Kemal Atatürk must be spinning in his grave, for his people have narrowly given Recep Tayyip Erdogan, Turkey’s Islamist President, a victory in a referendum vote. I’m leaving New Zealand in a few hours, and won’t bother you with the details (see them at the New York Times), but the referendum expands Erdogan’s powers, making this odious man even more of a tyrant than he is. As the Times notes:
The constitutional change, if it stands, will allow the winner of the 2019 presidential election to assume full control of the government, ending the current parliamentary political system.
The ramifications, however, would be immediate. The “yes” vote in the referendum would be a validation of the current leadership style of Mr. Erdogan, who has been acting as a de facto head of government since his election in 2014 despite having no constitutional right to wield such power. The office of the president was meant to be an impartial role that lacks full executive authority.
The result would tighten Mr. Erdogan’s grip on the country, which is one of the leading external actors in the Syrian civil war, a major way station along the migration routes to Europe and a crucial Middle Eastern partner of the United States and Russia.

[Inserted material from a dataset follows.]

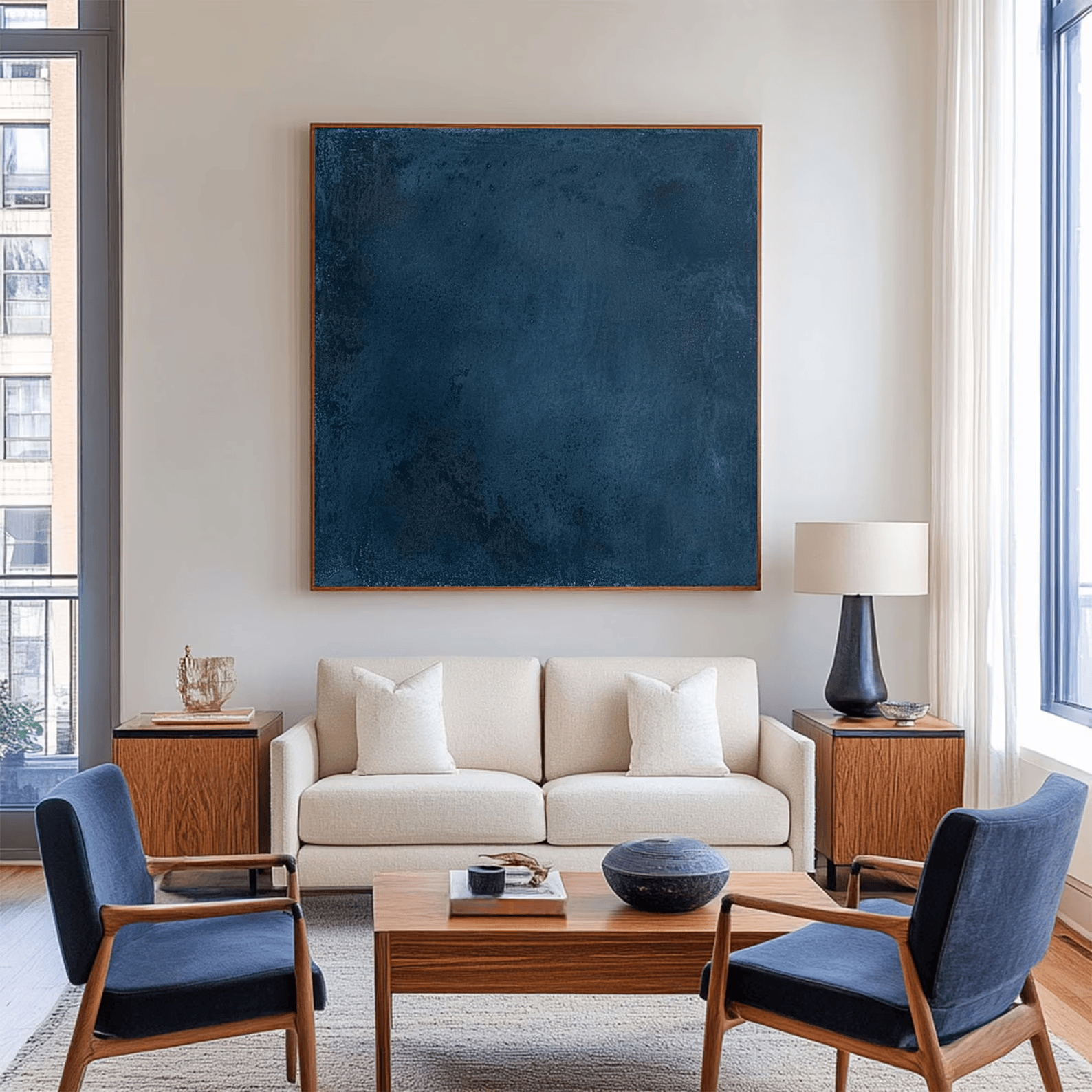 Deep Blue Abstract Painting – Textured Modern Wall Art#yy710066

And the changes allow Erdogan to be president for up to 15 more years! From the NYT:
The new system will, among other changes:
• Abolish the post of prime minister and transfer executive power to the president.

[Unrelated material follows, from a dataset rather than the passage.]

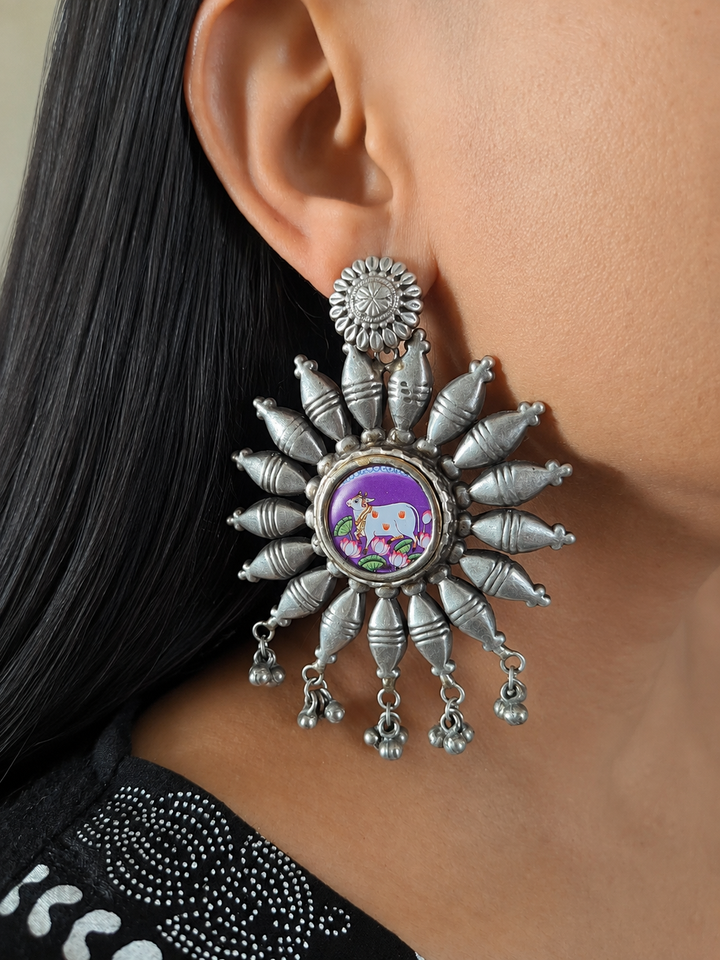 Hand Painted Pichwai Cow Earrings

• Allow the newly empowered president to issue decrees and appoint many of the judges and officials responsible for scrutinizing his decisions.
• Limit the president to two five-year terms, but give the option of running for a third term if Parliament truncates the second one by calling for early elections.
• Allow the president to order disciplinary inquiries into any of Turkey’s 3.5 million civil servants, according to an analysis by the head of the Turkish Bar Association.
When I first heard this I thought, “Well. the Turkish people are now going to get what they deserve,” but then I remembered Donald Trump, whom nobody deserves, and I also suspect that reports of rigged voting in Turkey are correct. And I remembered my progressive Turkish friends, and how horrified they must be today.
Why would people in a democracy vote against that democracy? I don’t know enough about Turkish politics to speculate.